(Dataset excerpts)
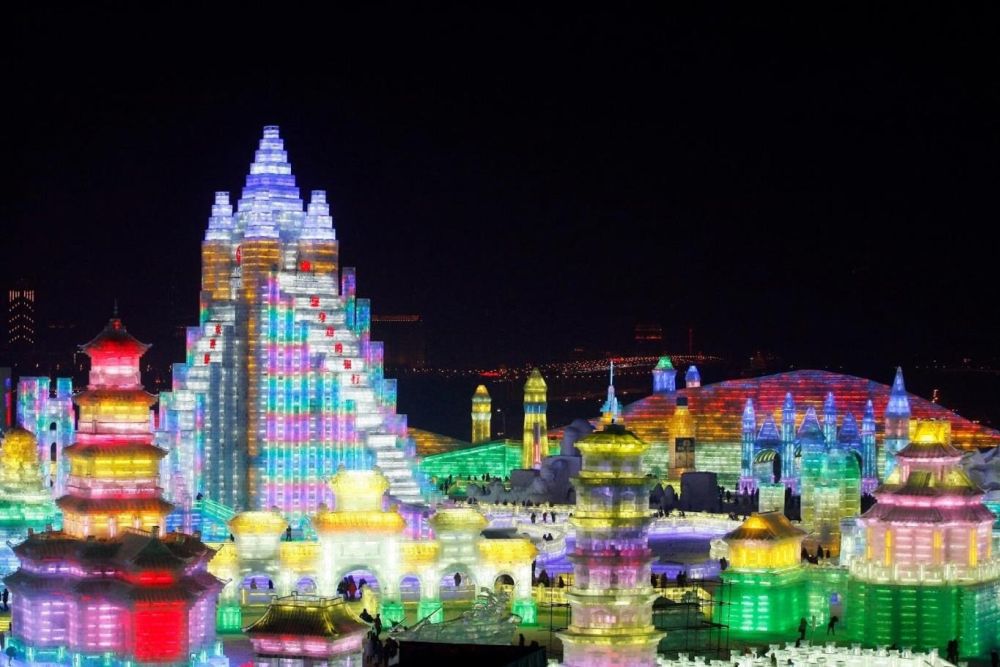 Tour Trung Quốc: Lễ Hội Băng Đăng Cáp Nhĩ Tân - Trải Nghiệm Trượt Tuyết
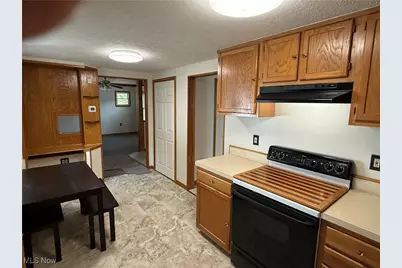 210 Luary Drive, Painesville, OH 44077 - Photo 10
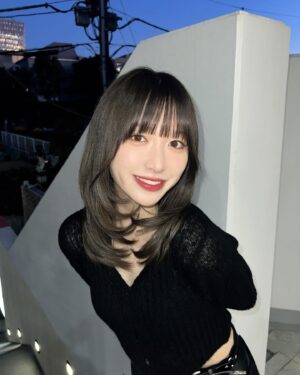 Rinne Yoshida Instagram - 髪の毛かわいくしてもろたあ
小池さんいつもありがとうです
お腹すいたーー
何食べようかな、何食べた？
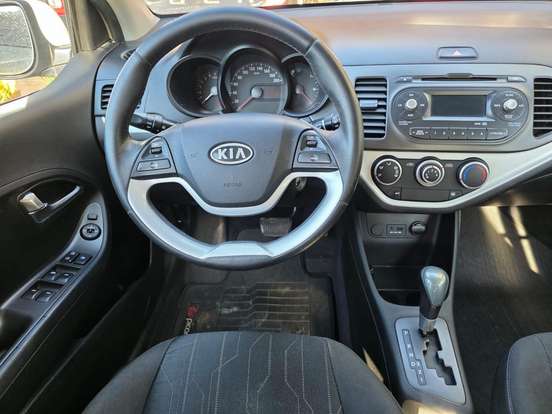 KIA-PICANTO-2011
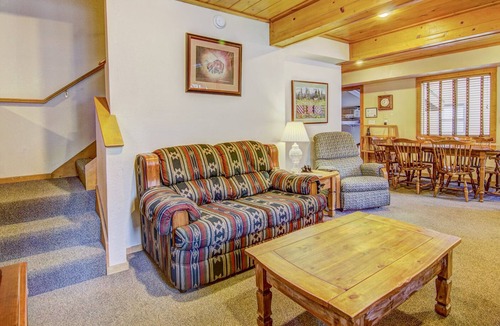 Donner Lake Woods House | 3 bedroom, 2 bath, sleeps 8. West End of Donner Lake DLR#132
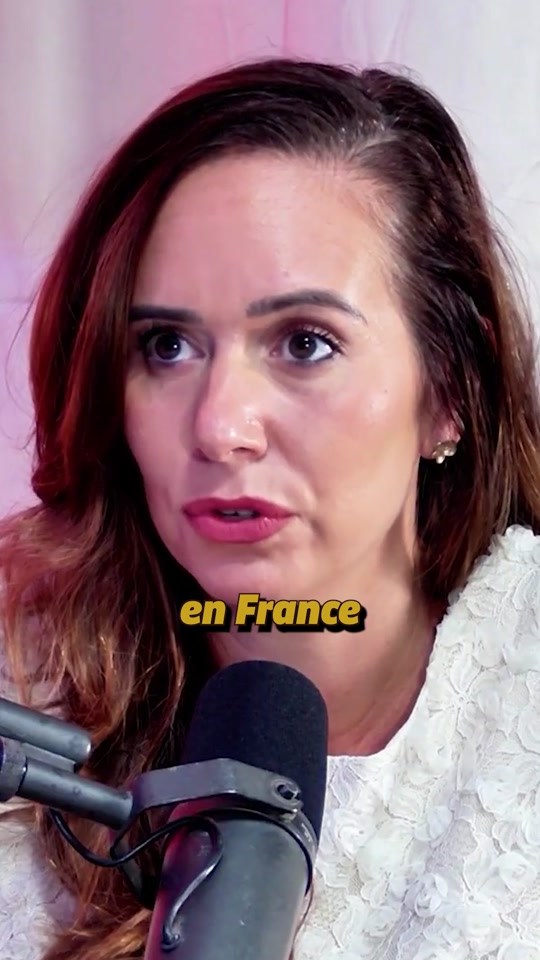 « Le procès-verbal du plus grand casse de France » : Knafo fait de la fiche de paie une scène de crime — et une promo de livre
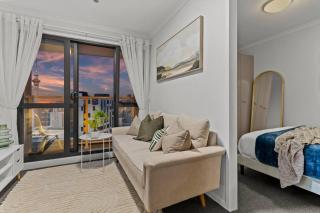 Stunning Panoramic Cityscape Abode near CBD - 4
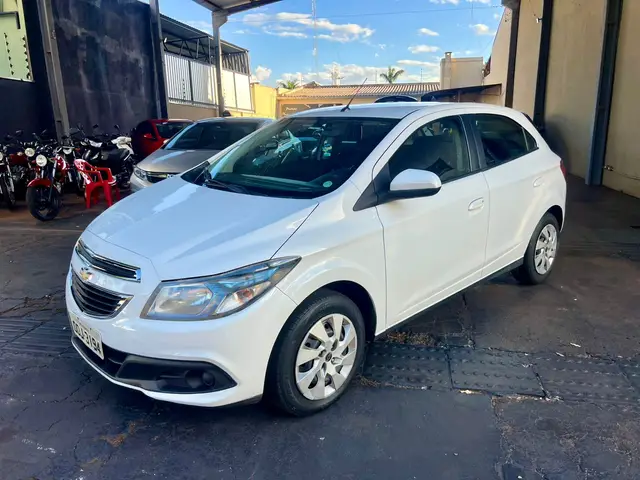 Carro Chevrolet Onix 2015 1.4 LT SPE/4 (Aut)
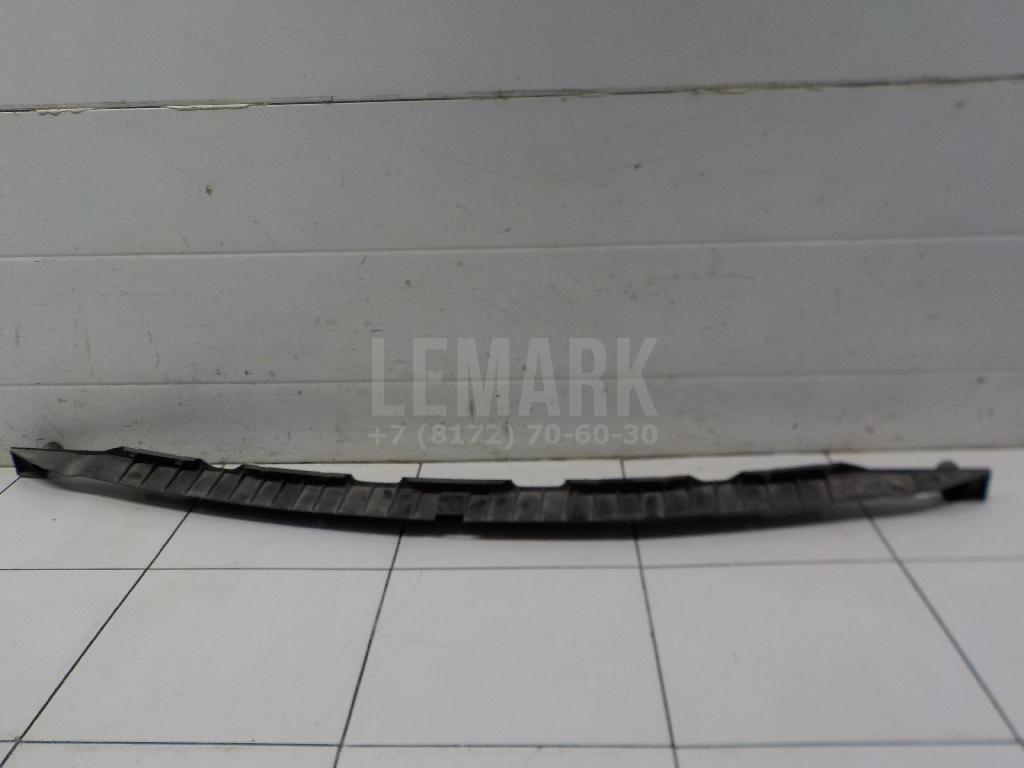 Направляющая заднего бампера 7L6807863 VAG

**Exercise brief:** With the pictures omitted, repeat the full set of records above exactly.

**The answer:**
 Tour Trung Quốc: Lễ Hội Băng Đăng Cáp Nhĩ Tân - Trải Nghiệm Trượt Tuyết
 210 Luary Drive, Painesville, OH 44077 - Photo 10
 Rinne Yoshida Instagram - 髪の毛かわいくしてもろたあ
小池さんいつもありがとうです
お腹すいたーー
何食べようかな、何食べた？
 KIA-PICANTO-2011
 Donner Lake Woods House | 3 bedroom, 2 bath, sleeps 8. West End of Donner Lake DLR#132
 « Le procès-verbal du plus grand casse de France » : Knafo fait de la fiche de paie une scène de crime — et une promo de livre
 Stunning Panoramic Cityscape Abode near CBD - 4
 Carro Chevrolet Onix 2015 1.4 LT SPE/4 (Aut)
 Направляющая заднего бампера 7L6807863 VAG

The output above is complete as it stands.